En definitiva, los adolescentes a menudo no completan las horas de sueño REM y, por tanto, tienen más dificultad para fijar los aprendizajes, lo que puede dificultar la concentración y el rendimiento y perjudicar su salud física y mental. 

 

¿Cuáles son las principales consecuencias de los malos hábitos de sueño? 

La falta de sueño supone en los adolescentes una disminución en la atención y, por lo tanto, mayor dificultad para aprender al mismo ritmo que quienes duermen lo suficiente. 

También afecta el estado emocional, pudiendo provocar síntomas de depresión, estrés, irritabilidad, apatía, distracción, somnolencia y falta de capacidad de concentración durante todo el día, lo que puede llevar a problemas de rendimiento escolar. 

Los fines de semana suelen disminuir aún más las horas de sueño.
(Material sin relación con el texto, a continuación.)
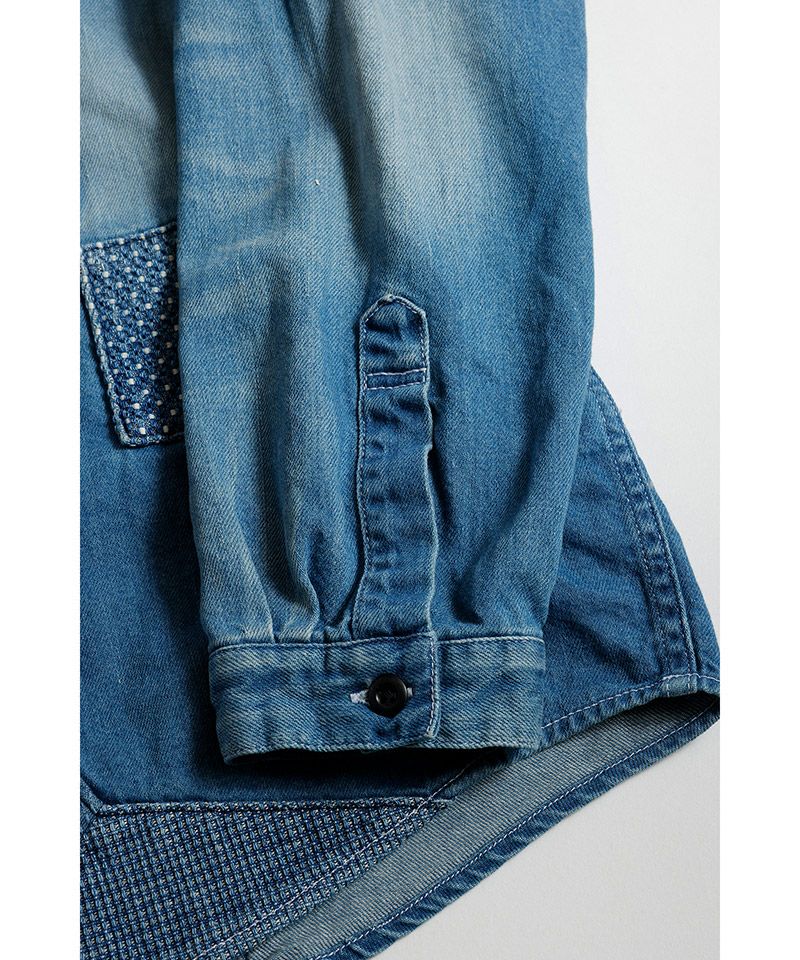 デニム　リフレクター FDMTL(ファンダメンタル)】PATCH DENIM SHIRT 5YR WASH デニムシャツ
Inmersos como están en el complejo proceso de adaptación e integración social, a menudo interactúan con comportamientos poco adecuados para su edad: fiestas de madrugada, ingesta de alcohol o bebidas estimulantes. Todo ello altera el ciclo sueño–vigilia. 

Los adolescentes pasan muchas horas en redes sociales: es una de las formas que tienen de vincularse. En ese sentido, es recomendable no monitorear el tiempo que les dedican, sino más bien monitorear el tiempo que dedican a otras actividades y si cumplen con las tareas que se espera que realicen, desde ir a clases hasta compartir la cena en familia. 
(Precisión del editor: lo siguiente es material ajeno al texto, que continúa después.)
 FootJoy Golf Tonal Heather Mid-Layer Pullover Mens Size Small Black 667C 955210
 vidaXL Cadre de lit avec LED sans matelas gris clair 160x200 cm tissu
La adolescencia es una etapa cargada de oportunidades para el crecimiento y la consolidación de la personalidad. Las relaciones sociales y el placer que generan son muy importantes en la vida de un adolescente. Los dispositivos electrónicos se han convertido en el medio más elegido por ellos, y aunque cueste entenderlo, su vida social se ha virtualizado. Ahí es donde suele estar la mayoría de sus vínculos, como antes estaban en otros escenarios. Por eso, cuando se conectan a la web no están perdiendo el tiempo: comparten, opinan, crean, exploran… 

Los adolescentes necesitan de la confianza de los adultos, y para eso los adultos deben confiar en ellos. Está bien darles pautas claras, pero no decirles qué hacer ni cómo. Lo más importante es darles mensajes de aliento y apoyo: que saben que están aprendiendo, que se pueden equivocar y que siempre pueden contar con un adulto que los guíe. 
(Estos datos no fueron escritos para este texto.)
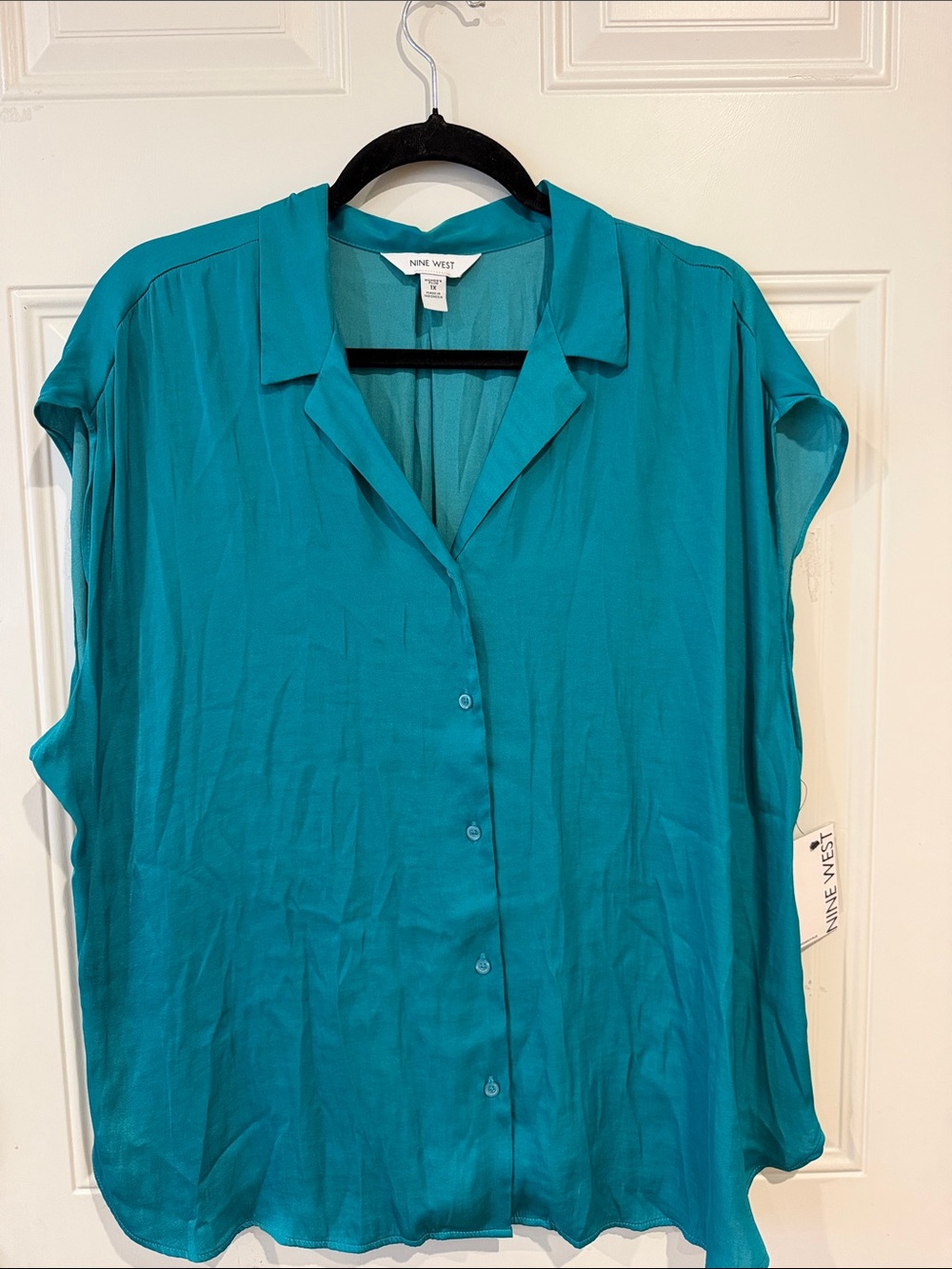 Nine West Teal Short Sleeve Button-Front Blouse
Los adultos deben acompañar a los adolescentes para que comprendan que no todo lo que circula en la web es verdad. Pueden viralizarse noticias falsas o rumores. Es importante fomentar la actitud crítica sobre los mensajes que reciben y sobre las fuentes de información, así como concientizarlos sobre la responsabilidad que tienen al compartir contenidos. Se puede acudir a sitios de fuentes confiables para poder contrastar y, de a poco, ir creando su propia opinión sin ser influenciados directamente. 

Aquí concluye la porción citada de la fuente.